En l’absence du général Pajol, Charras commandait. 

On lui amena le général Boyer ; celui-ci se nomma et avoua franchement qu’il allait offrir son épée à Charles X.

C’était un prisonnier assez embarrassant pour Charras.

Le jeune aide de camp entra dans la salle où dînaient les trois commissaires, et, s’adressant au maréchal Maison :

— Monsieur le maréchal, lui dit-il, on vient d’arrêter le général Boyer.

— Eh bien, demanda le maréchal, que voulez-vous que j’y fasse ?

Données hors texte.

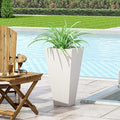 13 Outdoor Small Stone Planter White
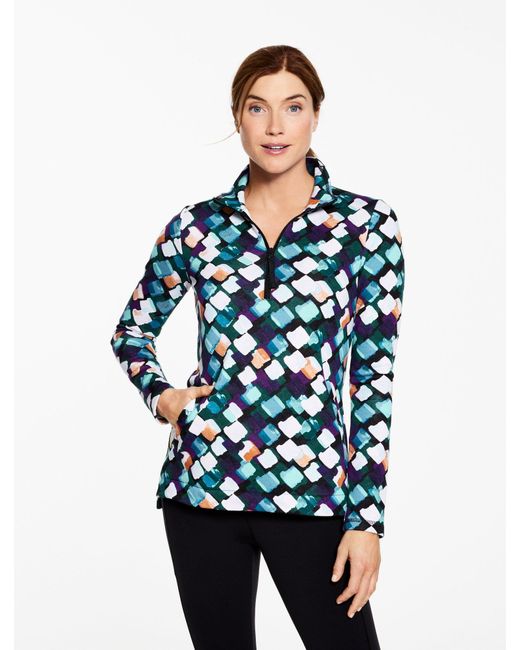 Talbots Blue Classic French Terry Half-zip Pullover Sweater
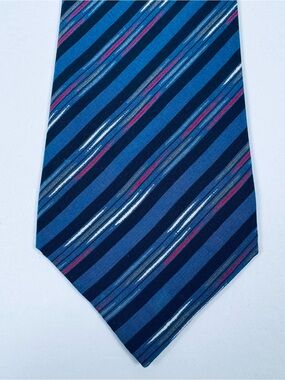 Missoni Tie Mens Blue Red Black Striped Silk‎ Handmade in Spain Classic Necktie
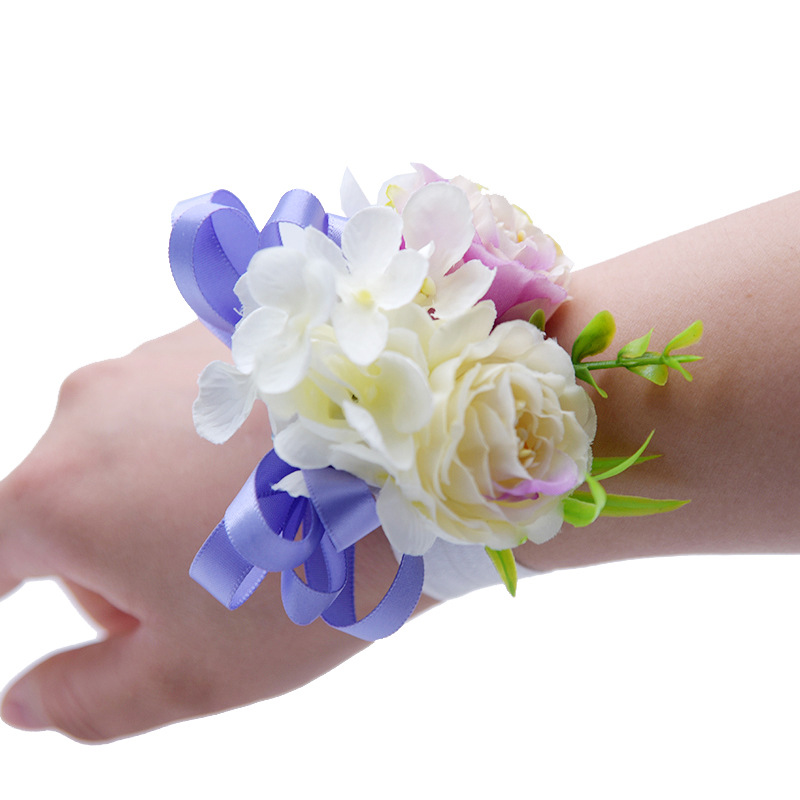 Janevini lichtpaars kunstmatig pioenroos bruidsboeket met lint en zijden bloemen, bruidsboeket met parels en broche: Lichtpaarse pols
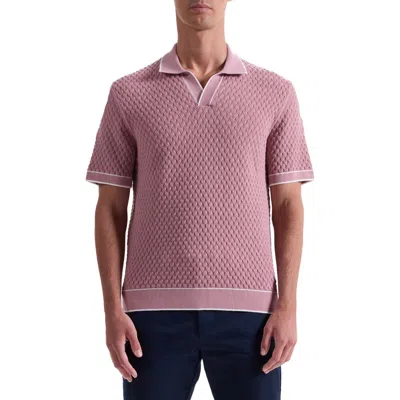 Bugatchi Johnny Collar Basket Stitch Cotton Blend Polo Sweater In Gold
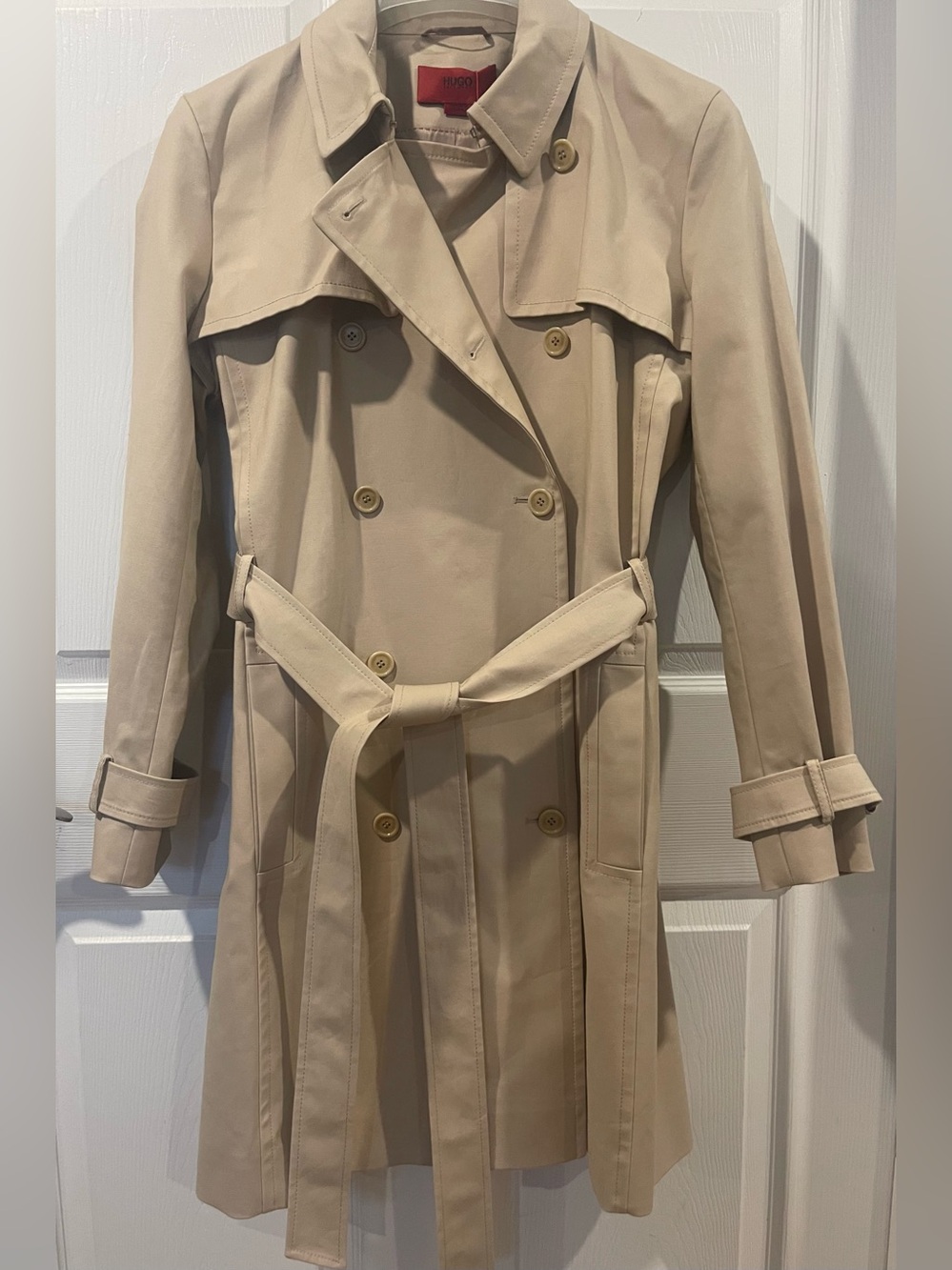 Hugo Boss Beige Double-Breasted Trench Coat with Belt size 10 women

— Voulez-vous le cautionner ? Je lui ferai rendre la liberté.

— Non, sacrebleu ! non, s’écria le maréchal. Gardez-le à vue ; Pajol va venir, il fera de lui ce qu’il voudra.

On conduisit le général Boyer dans une chambre voisine de celle où dînaient les commissaires.

Charras n’avait pas mangé depuis le matin qu’il avait déjeuné chez le général Pajol ; les commissaires virent facilement que leur dîner lui tirait l’œil…

On lui offrit de prendre place à table ; il accepta.

Le maréchal Maison ne buvait jamais que du vin de Champagne ; il versa coup sur coup trois ou quatre verres (on buvait dans des espèces de vidrecomes) à l’aide de camp du général Pajol, qui, l’estomac vide, les nerfs excités par sa campagne de la Fère, le front brûlé par six jours consécutifs de soleil, se sentit repris d’une ardeur toute nouvelle.

Il en résulta que, lorsque le général Pajol rejoignit, qu’il vit que le pain n’était pas arrivé, et demanda un homme de bonne volonté pour aller à Versailles, Charras, qui, avec les tours et les détours, avait peut-être déjà fait vingt lieues dans sa journée, Charras, dis-je, voyant que personne ne se présentait, s’offrit pour cette mission.

— Mais, sacrebleu ! dit Pajol, vous êtes donc de fer ?

— De fer ou non, dit Charras, vous voyez bien que, si je n’y vais pas, personne n’ira.